Voilà comment je crains de comprendre le retour possible des intégristes dans l’Église catholique, retour dont on parle beaucoup depuis que Mgr Fellay, le supérieur de la Fraternité Saint-Pie-X, a reçu de Rome une offre aussi mystérieuse qu’apparemment généreuse. Ceux qui ont suivi Mgr Lefebvre dans sa rébellion ne veulent pas redonner à notre Église catholique une énergie missionnaire. D’ailleurs, ils ne cessent d’insulter les fidèles, de dénigrer les papes, de maudire les évêques et les prêtres, de vomir le concile Vatican II, de dénoncer le dialogue entre les religions ou la liberté de conscience. Oh ! bien sûr… quand on se place comme Rome dans la perspective des siècles, et même du Jugement dernier, on doit avoir le souci de guérir un schisme et de rétablir la pleine communion, on doit savoir pardonner, on peut espérer une conversion. Mais faut-il le faire à tout prix et sans repentance ? Si l’unité est un bien précieux, la vérité ne garde-t-elle pas ses exigences ?
Peut-on ignorer, au même moment, l’hémorragie de millions de fidèles dans l’Occident sécularisé ? De nombreux évêques reconnaissent tout bas la nécessité d’une réforme de l’Église. Beaucoup le font en chuchotant parce que, dans la culture catholique, parler fort reste mal vu. Beaucoup de choses restent à repenser : place des femmes, ordination d’hommes mariés, communion des divorcés remariés… On ne pourra éternellement étouffer ces débats-là. Peut-être faudrait-il à la fois renouer avec la continuité, voire même avec certains aspects négligés de la tradition dans ce qu’elle a de vivant et d’authentique, et envisager de nouveaux aggiornamentos, de nouvelles mises à jour.
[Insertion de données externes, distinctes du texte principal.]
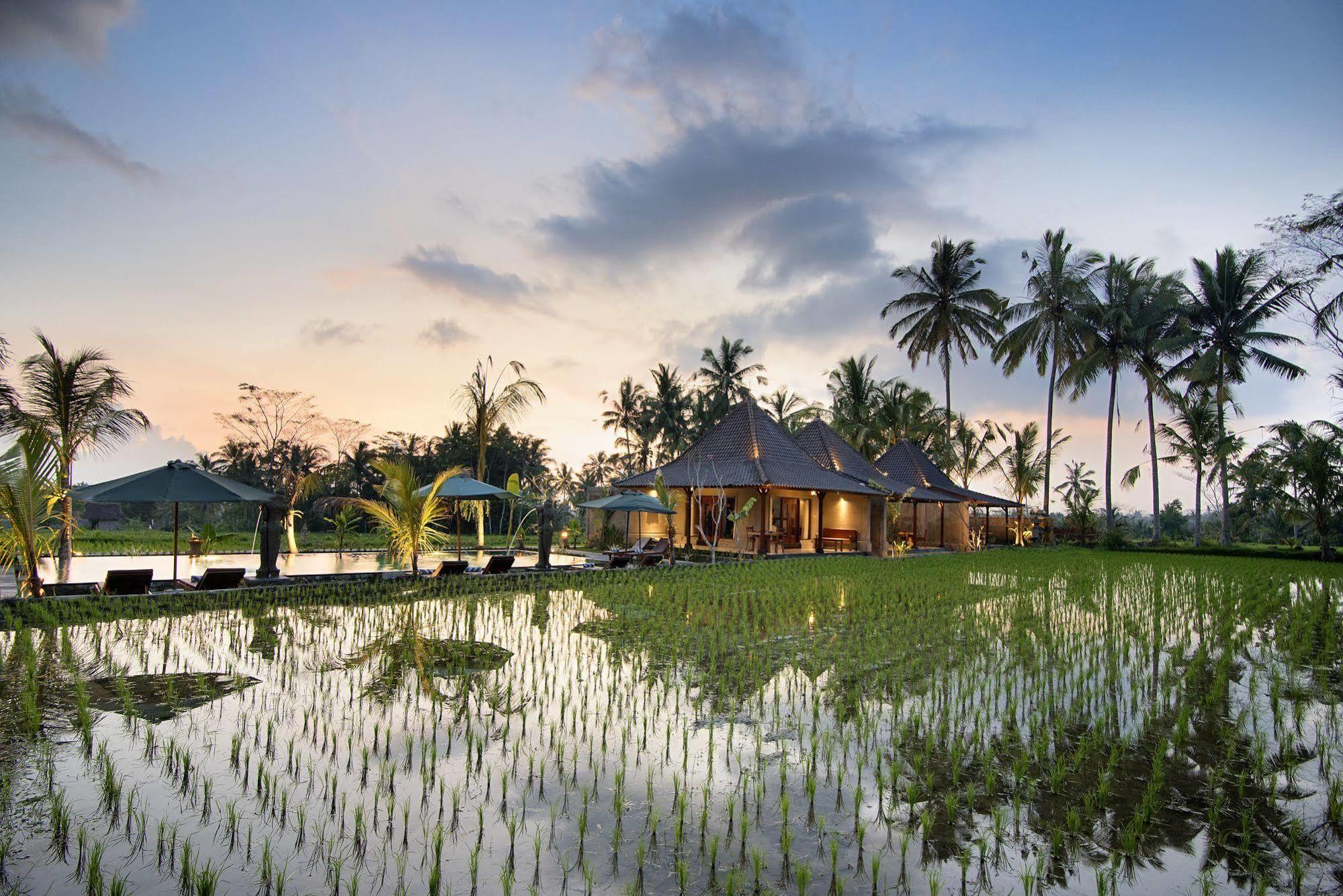 Pajar House Ubud Suite & Villas Kültér fotó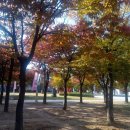 여지공인중개사사무소 이미지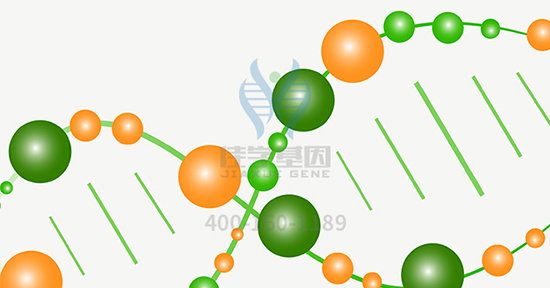 【佳学基因-基因检测】劈腿或是天生的,都是基因的“锅” 【佳学基因-基因检测】劈腿或是天生的,都是基因的“锅”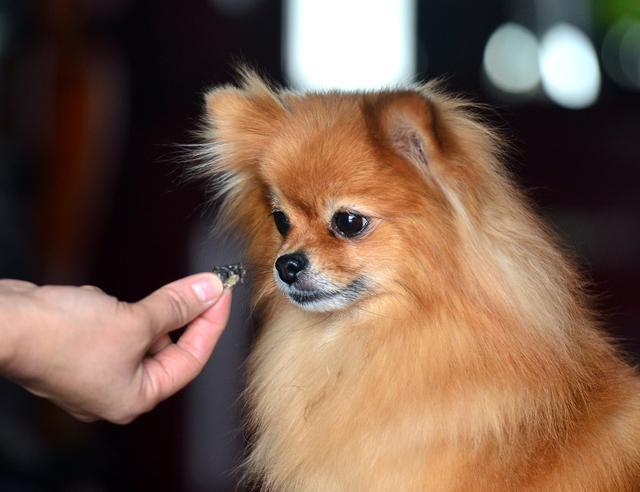 20221117101836_70733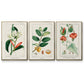 Turpin Tropical Botanicals IV - Framed Premium Gallery Wrapped Canvas L Frame 3 Piece Set - Ready to Hang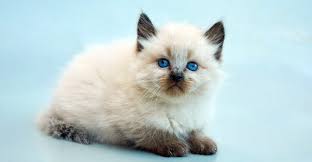 They also play well with other cats, dogs and children. 10 Hypoallergenic Cats For People With Allergies Cat Breeds Hypoallergenic Balinese Cat Hypoallergenic Cats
À tout prendre, il se pourrait toutefois que les catholiques soient par trop occupés d’eux-mêmes. L’Église a des choses à dire sur l’homme, sur les méfaits du matérialisme ambiant, sur l’agonie d’un libéralisme non régulé, incapable de se défendre contre ses propres prédateurs. Nous, les Occidentaux, nous sommes peut-être à la veille d’une très grave crise de confiance, en nous-mêmes, en notre avenir. Sans trop savoir à qui ou à quoi nous fier, nous aspirons à une nouvelle renaissance. Il serait triste que, pour se centrer trop sur ses propres maux, l’Église en oublie de faire entendre son mot. Il ne faudrait pas, pour parler comme feu Raymond Barre, que la microcosmique querelle intégriste nous épuise. Il ne faudrait pas non plus que notre souci de réforme nous obnubile. Le propos de l’Église, ce n’est pas l’Église. Le propos de l’Église, c’est le Christ. Plus que d’être « restaurés » ou « modernisés », nous avons besoin d’être sauvés. Donc, la réforme de l’Église, qui viendra, sera d’abord spirituelle. Elle changera les cœurs avant les institutions, pour nous entraîner à parler de Dieu à tous les pauvres, à tous les massacrés, à tous les humiliés.